§ Work request: In the data that follows, find the line with "Russell Collection Ladies"; transcribe it, every later line up to the one with "Melissa & Doug Take-Along Tool Kit", and that line as well, exactly and with no others.

Crawled caption data:
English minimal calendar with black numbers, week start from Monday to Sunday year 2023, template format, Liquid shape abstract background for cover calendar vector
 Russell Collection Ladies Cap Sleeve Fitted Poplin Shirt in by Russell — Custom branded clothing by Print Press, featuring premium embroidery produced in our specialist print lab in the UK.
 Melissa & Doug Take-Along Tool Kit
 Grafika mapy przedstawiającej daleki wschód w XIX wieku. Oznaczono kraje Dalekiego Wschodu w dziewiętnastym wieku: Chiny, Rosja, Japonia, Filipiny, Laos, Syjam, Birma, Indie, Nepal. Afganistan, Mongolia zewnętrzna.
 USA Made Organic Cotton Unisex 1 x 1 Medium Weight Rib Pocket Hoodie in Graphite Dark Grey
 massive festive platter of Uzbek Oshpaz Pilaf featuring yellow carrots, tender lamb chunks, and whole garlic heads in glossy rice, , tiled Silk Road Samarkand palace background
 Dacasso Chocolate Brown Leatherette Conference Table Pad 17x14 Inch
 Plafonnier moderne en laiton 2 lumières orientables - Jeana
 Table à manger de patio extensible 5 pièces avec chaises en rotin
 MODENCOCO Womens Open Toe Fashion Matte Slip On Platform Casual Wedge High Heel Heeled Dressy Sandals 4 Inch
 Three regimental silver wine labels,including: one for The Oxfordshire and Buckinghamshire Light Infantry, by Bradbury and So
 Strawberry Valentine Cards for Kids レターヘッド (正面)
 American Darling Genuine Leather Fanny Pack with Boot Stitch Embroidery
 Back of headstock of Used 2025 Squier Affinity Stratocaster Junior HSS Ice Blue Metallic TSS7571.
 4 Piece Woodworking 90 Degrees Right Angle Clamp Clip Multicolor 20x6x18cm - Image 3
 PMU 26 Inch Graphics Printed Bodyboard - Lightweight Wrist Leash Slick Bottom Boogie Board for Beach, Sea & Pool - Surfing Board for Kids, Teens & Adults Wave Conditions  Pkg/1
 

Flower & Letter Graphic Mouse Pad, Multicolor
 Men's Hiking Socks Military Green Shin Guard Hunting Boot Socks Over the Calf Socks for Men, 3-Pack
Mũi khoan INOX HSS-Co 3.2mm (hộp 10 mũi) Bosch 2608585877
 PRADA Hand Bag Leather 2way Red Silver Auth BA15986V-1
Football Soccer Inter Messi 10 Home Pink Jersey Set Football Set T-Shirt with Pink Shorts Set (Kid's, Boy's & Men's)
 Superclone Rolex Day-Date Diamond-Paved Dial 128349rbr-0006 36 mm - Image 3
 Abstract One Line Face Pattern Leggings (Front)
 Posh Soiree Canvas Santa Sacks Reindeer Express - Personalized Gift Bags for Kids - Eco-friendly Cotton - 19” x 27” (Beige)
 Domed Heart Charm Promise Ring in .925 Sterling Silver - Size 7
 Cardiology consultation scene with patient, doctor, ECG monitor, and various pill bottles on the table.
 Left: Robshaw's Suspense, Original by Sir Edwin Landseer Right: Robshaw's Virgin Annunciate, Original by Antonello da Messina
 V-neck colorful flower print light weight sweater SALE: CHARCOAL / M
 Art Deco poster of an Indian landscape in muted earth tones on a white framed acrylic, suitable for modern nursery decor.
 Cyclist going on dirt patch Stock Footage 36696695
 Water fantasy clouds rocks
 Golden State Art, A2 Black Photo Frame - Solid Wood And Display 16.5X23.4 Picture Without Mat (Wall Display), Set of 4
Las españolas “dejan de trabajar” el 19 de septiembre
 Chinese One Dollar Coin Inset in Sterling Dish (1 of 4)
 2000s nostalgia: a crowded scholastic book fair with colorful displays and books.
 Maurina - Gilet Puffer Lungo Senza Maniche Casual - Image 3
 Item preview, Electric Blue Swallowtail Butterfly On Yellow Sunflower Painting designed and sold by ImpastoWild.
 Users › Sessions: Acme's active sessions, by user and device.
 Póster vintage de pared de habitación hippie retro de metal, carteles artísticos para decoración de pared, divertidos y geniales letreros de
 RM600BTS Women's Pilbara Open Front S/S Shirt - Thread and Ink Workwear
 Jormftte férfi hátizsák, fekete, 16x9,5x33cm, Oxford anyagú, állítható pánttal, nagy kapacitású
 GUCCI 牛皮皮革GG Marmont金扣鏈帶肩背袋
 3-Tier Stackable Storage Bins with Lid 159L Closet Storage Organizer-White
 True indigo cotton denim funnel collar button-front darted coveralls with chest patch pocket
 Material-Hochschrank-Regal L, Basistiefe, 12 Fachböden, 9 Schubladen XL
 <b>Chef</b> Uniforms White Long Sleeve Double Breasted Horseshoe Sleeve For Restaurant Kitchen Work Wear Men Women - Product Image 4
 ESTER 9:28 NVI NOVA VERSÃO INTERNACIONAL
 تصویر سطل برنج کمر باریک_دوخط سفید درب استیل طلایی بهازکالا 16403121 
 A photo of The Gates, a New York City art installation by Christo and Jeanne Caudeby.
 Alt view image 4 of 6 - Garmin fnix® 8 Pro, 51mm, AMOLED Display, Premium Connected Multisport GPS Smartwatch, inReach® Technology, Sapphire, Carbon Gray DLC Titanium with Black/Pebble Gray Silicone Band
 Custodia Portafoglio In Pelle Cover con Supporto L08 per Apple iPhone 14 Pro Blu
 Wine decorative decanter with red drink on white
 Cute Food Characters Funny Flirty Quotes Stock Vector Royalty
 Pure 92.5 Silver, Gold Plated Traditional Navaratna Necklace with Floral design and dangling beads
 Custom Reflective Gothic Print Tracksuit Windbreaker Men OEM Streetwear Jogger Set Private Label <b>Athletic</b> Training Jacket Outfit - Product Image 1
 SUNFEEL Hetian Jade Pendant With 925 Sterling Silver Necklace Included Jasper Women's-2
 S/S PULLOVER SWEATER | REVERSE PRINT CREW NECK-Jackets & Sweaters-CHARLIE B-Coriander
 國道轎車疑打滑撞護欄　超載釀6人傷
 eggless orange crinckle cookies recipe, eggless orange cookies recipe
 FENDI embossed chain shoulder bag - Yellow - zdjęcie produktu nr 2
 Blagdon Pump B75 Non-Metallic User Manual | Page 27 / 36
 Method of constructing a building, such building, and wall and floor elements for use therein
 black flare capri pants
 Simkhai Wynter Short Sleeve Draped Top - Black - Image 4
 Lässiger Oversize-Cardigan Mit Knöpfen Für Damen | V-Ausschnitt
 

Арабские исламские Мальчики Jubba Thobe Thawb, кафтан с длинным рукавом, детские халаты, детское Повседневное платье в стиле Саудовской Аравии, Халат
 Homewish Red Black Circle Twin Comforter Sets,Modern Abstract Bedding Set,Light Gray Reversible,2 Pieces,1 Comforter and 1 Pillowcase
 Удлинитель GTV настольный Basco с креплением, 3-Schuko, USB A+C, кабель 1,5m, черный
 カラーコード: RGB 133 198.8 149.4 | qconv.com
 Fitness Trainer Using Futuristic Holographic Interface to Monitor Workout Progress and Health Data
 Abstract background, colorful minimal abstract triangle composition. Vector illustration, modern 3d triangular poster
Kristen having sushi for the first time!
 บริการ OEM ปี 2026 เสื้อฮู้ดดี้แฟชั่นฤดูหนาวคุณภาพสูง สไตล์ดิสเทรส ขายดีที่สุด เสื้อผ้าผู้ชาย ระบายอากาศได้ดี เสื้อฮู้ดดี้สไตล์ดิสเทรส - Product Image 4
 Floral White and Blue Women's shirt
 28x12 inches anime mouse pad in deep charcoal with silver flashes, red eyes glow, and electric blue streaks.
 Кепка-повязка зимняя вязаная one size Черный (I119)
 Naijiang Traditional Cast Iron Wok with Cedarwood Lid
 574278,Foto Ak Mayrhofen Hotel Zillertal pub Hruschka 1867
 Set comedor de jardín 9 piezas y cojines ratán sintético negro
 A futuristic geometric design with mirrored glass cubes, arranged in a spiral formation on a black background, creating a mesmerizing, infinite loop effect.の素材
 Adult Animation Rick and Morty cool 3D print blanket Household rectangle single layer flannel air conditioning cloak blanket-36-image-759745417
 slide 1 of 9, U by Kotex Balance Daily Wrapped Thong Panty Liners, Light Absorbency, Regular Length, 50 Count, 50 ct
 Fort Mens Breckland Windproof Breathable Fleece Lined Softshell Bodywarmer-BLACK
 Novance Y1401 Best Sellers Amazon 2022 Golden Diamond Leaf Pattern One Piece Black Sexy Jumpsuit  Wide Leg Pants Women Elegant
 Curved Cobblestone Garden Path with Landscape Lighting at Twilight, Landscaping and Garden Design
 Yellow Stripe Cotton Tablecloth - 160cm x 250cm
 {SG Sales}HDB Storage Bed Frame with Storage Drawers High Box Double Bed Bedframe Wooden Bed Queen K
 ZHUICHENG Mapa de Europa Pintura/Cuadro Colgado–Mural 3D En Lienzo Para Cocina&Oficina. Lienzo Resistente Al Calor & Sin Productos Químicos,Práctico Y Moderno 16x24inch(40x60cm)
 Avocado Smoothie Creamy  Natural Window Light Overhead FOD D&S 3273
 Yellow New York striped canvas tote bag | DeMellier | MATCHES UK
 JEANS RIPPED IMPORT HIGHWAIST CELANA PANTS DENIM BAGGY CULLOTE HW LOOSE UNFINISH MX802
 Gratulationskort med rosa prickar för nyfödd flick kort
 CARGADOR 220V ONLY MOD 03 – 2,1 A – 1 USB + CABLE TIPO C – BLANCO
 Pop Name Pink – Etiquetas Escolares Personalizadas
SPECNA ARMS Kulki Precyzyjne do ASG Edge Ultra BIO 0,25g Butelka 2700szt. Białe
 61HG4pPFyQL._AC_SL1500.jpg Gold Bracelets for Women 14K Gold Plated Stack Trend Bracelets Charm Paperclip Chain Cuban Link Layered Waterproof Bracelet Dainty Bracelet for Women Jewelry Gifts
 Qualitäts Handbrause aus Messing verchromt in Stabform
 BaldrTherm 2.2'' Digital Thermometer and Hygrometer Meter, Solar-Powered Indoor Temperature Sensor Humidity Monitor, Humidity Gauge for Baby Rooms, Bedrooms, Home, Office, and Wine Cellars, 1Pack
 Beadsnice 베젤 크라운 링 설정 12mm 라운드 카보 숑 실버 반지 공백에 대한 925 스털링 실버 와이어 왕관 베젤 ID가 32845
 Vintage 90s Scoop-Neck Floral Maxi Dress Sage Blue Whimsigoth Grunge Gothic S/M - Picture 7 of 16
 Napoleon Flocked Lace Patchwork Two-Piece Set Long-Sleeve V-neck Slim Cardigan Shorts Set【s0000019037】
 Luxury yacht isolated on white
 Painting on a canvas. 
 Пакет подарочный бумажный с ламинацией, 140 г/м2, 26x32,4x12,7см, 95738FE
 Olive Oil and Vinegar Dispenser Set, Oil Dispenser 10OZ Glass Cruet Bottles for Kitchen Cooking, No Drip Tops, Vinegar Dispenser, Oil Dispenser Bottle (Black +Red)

§ Reply:
 Russell Collection Ladies Cap Sleeve Fitted Poplin Shirt in by Russell — Custom branded clothing by Print Press, featuring premium embroidery produced in our specialist print lab in the UK.
 Melissa & Doug Take-Along Tool Kit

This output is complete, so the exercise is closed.